:: Supplied material
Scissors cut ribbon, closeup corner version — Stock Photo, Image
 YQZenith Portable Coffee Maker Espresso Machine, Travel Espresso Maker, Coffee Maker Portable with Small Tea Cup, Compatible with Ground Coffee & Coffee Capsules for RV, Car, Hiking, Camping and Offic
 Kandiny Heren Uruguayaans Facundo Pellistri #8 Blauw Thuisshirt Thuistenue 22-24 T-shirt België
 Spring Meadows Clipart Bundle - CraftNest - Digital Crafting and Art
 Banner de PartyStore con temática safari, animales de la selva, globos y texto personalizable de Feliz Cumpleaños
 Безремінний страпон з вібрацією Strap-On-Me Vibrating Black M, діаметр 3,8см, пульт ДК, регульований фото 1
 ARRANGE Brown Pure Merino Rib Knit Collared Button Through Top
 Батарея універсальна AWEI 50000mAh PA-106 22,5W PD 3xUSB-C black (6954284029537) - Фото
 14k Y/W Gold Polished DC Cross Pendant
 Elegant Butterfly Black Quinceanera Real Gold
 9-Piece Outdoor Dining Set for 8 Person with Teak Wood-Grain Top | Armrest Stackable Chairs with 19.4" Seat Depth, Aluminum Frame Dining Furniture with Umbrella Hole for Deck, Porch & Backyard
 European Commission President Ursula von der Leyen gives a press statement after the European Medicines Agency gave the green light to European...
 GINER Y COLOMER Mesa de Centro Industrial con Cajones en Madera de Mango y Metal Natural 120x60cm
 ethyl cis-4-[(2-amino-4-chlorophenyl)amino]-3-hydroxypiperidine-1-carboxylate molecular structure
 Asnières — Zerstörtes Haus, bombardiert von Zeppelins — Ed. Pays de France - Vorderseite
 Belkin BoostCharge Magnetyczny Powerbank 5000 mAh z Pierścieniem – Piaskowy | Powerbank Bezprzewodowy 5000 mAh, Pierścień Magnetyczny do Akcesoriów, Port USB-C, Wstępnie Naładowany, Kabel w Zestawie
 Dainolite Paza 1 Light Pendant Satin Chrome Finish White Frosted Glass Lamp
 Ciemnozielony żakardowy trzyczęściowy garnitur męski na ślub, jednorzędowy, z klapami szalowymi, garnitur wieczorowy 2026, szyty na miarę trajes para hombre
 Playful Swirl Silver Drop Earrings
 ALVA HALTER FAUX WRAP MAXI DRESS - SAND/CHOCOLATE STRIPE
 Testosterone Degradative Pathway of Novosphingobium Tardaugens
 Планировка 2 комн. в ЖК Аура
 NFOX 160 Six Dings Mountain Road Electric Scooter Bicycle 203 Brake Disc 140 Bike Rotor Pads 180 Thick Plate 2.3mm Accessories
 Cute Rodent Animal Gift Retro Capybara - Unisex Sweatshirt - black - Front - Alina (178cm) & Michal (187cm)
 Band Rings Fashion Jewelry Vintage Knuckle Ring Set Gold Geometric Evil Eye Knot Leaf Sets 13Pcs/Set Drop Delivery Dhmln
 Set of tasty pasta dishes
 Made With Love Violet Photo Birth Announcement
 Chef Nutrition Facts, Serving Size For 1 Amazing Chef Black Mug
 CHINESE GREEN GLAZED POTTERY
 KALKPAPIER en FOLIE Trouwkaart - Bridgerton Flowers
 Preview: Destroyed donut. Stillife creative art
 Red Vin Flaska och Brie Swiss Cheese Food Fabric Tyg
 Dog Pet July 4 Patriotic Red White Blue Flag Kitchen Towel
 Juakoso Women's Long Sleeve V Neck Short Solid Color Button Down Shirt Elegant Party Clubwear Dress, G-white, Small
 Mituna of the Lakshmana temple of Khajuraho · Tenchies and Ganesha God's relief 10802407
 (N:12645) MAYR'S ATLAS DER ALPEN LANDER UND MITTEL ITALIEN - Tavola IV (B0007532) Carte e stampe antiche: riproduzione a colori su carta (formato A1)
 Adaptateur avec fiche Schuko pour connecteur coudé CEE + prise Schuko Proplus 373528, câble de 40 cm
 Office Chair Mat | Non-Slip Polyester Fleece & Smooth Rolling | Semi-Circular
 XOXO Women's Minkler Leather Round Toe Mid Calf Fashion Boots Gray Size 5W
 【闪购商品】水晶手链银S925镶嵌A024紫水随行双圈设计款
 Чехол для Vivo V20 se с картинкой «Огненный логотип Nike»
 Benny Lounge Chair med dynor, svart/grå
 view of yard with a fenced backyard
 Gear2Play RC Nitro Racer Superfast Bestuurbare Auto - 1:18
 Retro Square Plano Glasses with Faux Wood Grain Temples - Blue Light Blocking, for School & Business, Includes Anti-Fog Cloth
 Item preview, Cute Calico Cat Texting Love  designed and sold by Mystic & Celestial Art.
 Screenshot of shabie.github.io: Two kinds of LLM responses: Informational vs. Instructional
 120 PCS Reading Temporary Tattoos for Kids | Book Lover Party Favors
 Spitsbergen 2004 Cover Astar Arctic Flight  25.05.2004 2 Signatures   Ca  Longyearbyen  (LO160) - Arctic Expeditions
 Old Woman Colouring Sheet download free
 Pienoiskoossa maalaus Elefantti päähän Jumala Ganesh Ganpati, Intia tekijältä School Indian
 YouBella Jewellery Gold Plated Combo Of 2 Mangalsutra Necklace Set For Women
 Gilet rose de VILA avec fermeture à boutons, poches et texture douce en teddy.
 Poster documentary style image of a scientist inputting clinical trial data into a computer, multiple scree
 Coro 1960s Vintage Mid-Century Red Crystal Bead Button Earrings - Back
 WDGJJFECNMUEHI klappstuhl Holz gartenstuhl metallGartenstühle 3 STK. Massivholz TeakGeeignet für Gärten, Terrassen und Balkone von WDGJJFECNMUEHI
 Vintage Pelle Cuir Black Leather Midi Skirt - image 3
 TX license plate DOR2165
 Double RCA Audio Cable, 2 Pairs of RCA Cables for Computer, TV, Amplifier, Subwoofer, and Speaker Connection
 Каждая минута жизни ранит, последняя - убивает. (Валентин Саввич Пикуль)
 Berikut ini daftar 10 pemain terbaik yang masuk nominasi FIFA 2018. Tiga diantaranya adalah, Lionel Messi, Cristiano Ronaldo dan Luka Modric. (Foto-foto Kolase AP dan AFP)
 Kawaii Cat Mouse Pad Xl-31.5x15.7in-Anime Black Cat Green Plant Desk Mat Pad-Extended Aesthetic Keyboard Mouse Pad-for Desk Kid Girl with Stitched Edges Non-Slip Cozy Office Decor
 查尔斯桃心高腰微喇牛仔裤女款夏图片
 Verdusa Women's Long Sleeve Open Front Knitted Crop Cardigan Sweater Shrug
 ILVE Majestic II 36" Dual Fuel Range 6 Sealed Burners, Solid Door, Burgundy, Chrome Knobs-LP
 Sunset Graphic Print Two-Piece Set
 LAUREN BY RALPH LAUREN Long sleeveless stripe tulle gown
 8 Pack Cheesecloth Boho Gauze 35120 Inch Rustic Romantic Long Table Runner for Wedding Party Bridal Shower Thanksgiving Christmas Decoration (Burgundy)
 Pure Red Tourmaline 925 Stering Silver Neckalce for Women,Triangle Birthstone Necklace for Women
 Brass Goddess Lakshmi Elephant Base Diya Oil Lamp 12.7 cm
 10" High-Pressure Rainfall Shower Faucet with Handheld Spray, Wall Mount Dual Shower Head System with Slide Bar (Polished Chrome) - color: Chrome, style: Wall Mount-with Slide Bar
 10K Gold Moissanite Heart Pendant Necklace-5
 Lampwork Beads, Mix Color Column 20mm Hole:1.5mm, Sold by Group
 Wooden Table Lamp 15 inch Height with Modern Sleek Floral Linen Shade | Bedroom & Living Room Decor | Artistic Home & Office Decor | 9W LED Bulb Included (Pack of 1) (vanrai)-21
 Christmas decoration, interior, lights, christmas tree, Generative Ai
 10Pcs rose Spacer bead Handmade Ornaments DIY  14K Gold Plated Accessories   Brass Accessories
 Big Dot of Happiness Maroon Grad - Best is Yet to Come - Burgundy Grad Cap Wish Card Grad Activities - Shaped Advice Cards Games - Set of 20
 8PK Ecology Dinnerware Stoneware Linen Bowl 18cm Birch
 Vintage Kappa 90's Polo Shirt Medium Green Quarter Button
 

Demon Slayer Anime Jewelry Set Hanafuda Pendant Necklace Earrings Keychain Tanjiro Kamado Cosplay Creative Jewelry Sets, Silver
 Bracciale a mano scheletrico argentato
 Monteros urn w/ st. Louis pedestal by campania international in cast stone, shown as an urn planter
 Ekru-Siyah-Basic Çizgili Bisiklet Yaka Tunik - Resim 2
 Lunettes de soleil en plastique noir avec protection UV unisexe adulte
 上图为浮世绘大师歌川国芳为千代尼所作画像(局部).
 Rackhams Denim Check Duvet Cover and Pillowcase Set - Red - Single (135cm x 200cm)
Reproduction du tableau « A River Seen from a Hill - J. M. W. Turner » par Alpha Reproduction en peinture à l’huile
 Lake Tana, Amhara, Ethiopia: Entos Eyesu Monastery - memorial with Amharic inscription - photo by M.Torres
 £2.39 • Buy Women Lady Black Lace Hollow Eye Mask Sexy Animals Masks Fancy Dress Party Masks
::::
Problem details ▸
Output, from the data above, the lines from the line with "Chef Nutrition Facts, Serving" to the line with "Red Vin Flaska" exactly as they stand, both ends included and nothing else.

Exercise answer ▸
 Chef Nutrition Facts, Serving Size For 1 Amazing Chef Black Mug
 CHINESE GREEN GLAZED POTTERY
 KALKPAPIER en FOLIE Trouwkaart - Bridgerton Flowers
 Preview: Destroyed donut. Stillife creative art
 Red Vin Flaska och Brie Swiss Cheese Food Fabric Tyg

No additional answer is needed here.